Il «líder Maximo» offre al sindaco di Firenze di traslocare a Palazzo Chigi. Ora. Per evitare che Romano Prodi salga al Quirinale a consumare antiche vendette

Alla fine di marzo Walter Veltroni, inventore del Pd, lanciò una previsione: «Il Pd di questi tempi somiglia molto all’ultima Dc. Dilaniato dai personalismi, diviso su tutto si prepara all’elezione del nuovo presidente. Sembra la Dc del 1992. Quella che elesse Oscar Luigi Scalfaro e poi in pochi anni sparì». Non è un paragone azzardato.
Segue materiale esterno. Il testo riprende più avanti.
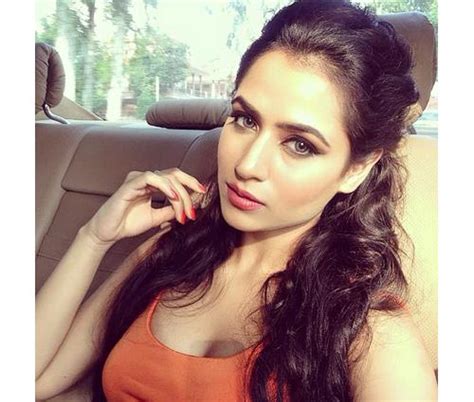 Meet Oshin Brar A New Beautiful Punjabi Actress In The Industry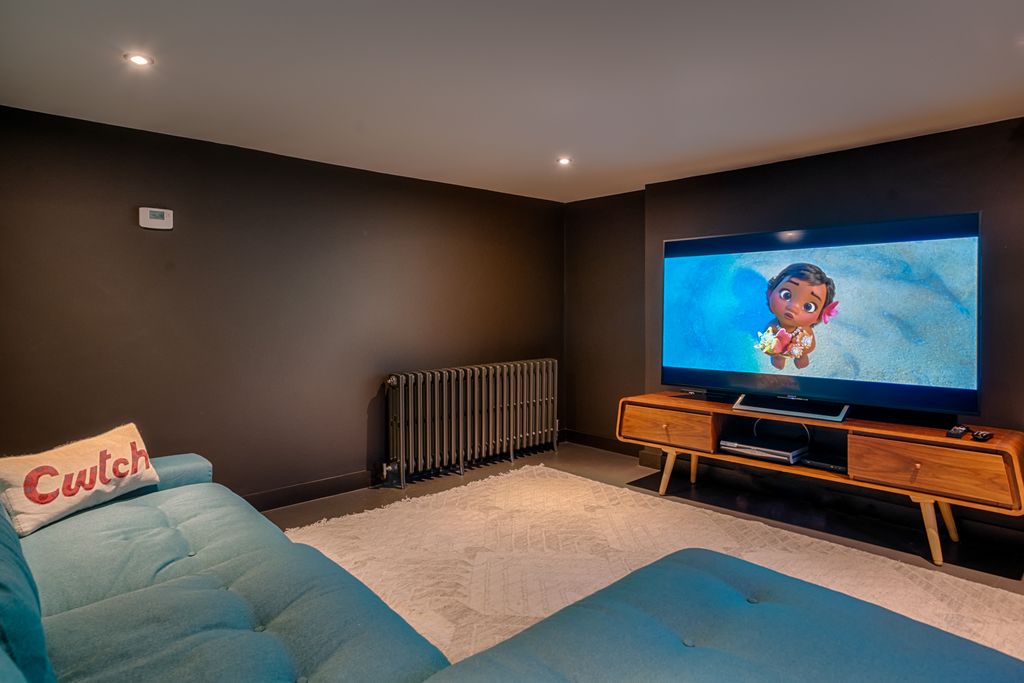 Welsh Grange Wales Olivers Travels 5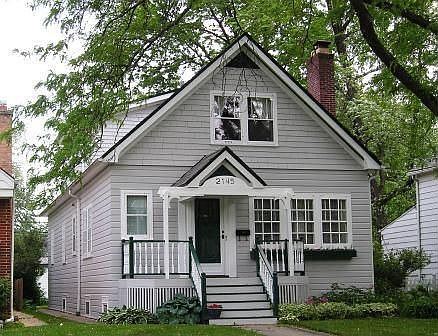 5 bdrm, 2 bath, vintage farmhouse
Pier Luigi Bersani ha condotto il partito in un vicolo cieco, ancora oggi spera nei grillini per andare al governo e rifiuta un’alleanza vera con il Cav. «Io» ripete «un governo col Pdl non lo farò mai. A costo di andare al voto. E anche in quel caso resterò in campo».

Poi c’è un esercito di capicorrente con i loro disegni e le loro ambizioni personali. Sembrano gli Andreotti, i Forlani, i De Mita di una volta. C’è Franco Marini, l’ecumenico, che dai tempi della presidenza del Senato ha relazioni dirette col Cav. La sua visione di capo dello Stato è rassicurante per tutti: «Ho sempre pensato» va dicendo «che debba essere un notaio». Per lui lavorano gli ex popolari come Dario Franceschini e Giuseppe Fioroni, ed è convinto che il prosieguo della legislatura sia vincolato all’alleanza Pd-Pdl: «In politica si deve essere pragmatici, me l’ha insegnato il sindacato».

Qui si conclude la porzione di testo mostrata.